“The word ‘disinterested’ really needs to be put into context to what that means for both sides,” Lopez said.

The appellate court, in its opinion, said State Farm had failed to show that the trial court’s order did not follow “the essential requirements of the law,” and would cause material injury to State Farm that could not be remedied on appeal. The Third DCA said it had to deny State Farm’s petition, because the trial court relied upon two previous Third DCA decisions, which were binding precedent.

Before granting the Sanders’ motion for rehearing, the appellate court had previously ruled in favor of State Farm. In its earlier decision, the Third DCA had found that a public adjuster who is in a contractual agent-principal relationship with the insured could not be a disinterested appraiser, and overturned the trial court’s order

Before the hurricane, the Sanders had paid for a homeowners’ insurance policy with State Farm to provide coverage for property damage, according to the opinion.
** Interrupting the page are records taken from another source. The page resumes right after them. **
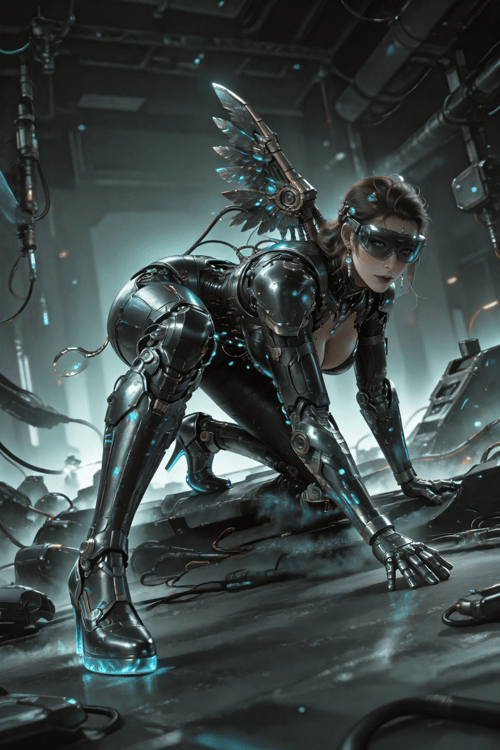 脉动边界 Artery Frontier Collection - Illustrious by reprinter on Tensor.Art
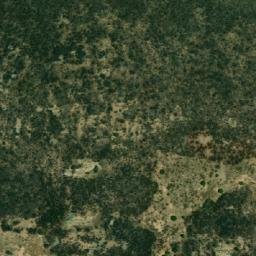 Satellite imagery of Serra da Pitombeira, BR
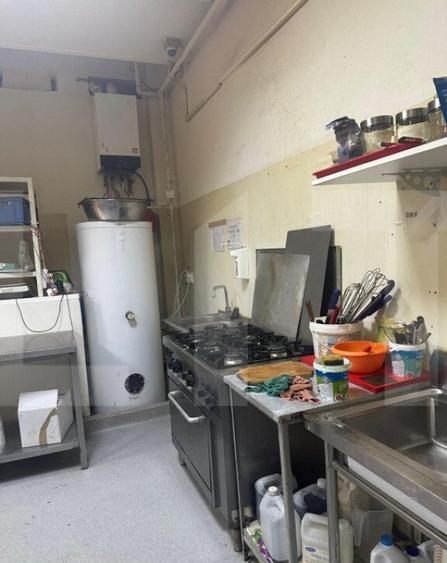 Spatiu comercial, 286 mp, alimentatie publica, zona Calvaria - 1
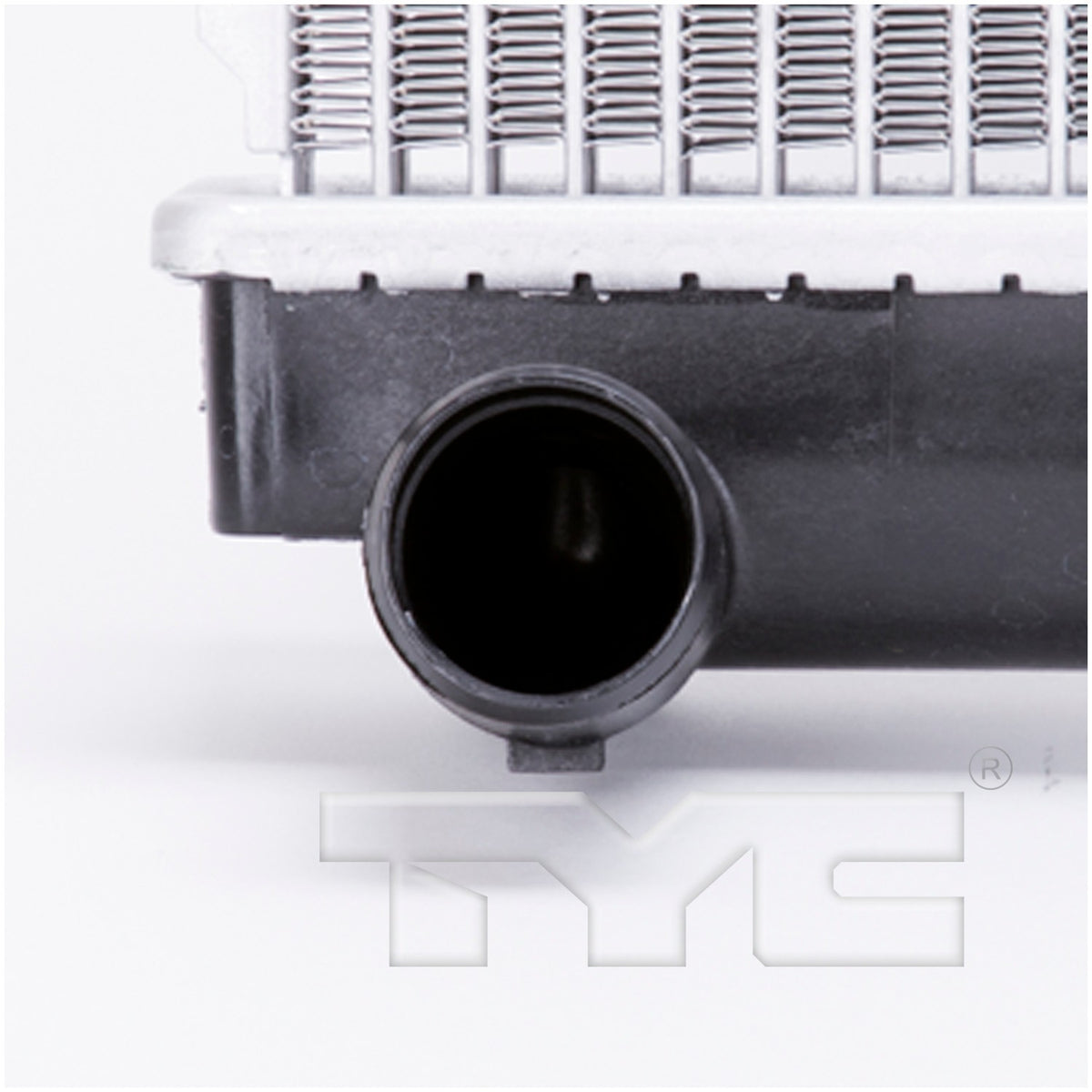 TYC TYC Radiator 2807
They filed suit against State Farm for allegedly breaching that contract, when the insurer refused to pay for hurricane damage to their home.

State Farm and the Sanders disagreed about the amount of the loss.

The homeowners had a public adjuster help them quantify the damage, pinning it at around $90,000. When State Farm refused to pay their claim, pointing out the 10% contingency fee for the adjuster, the Sanders decided to start an appraisal process. State Farm refused to participate, saying the adjuster hired by the insured could not be the client’s appraiser.

“Every time we have a hurricane, a lot of these cases get resolved through the appraisal process,” Lopez said. “So if a policyholder has to hire not one, but two different people, that money comes out of their pocket. It ultimately diminishes the value of their claims.”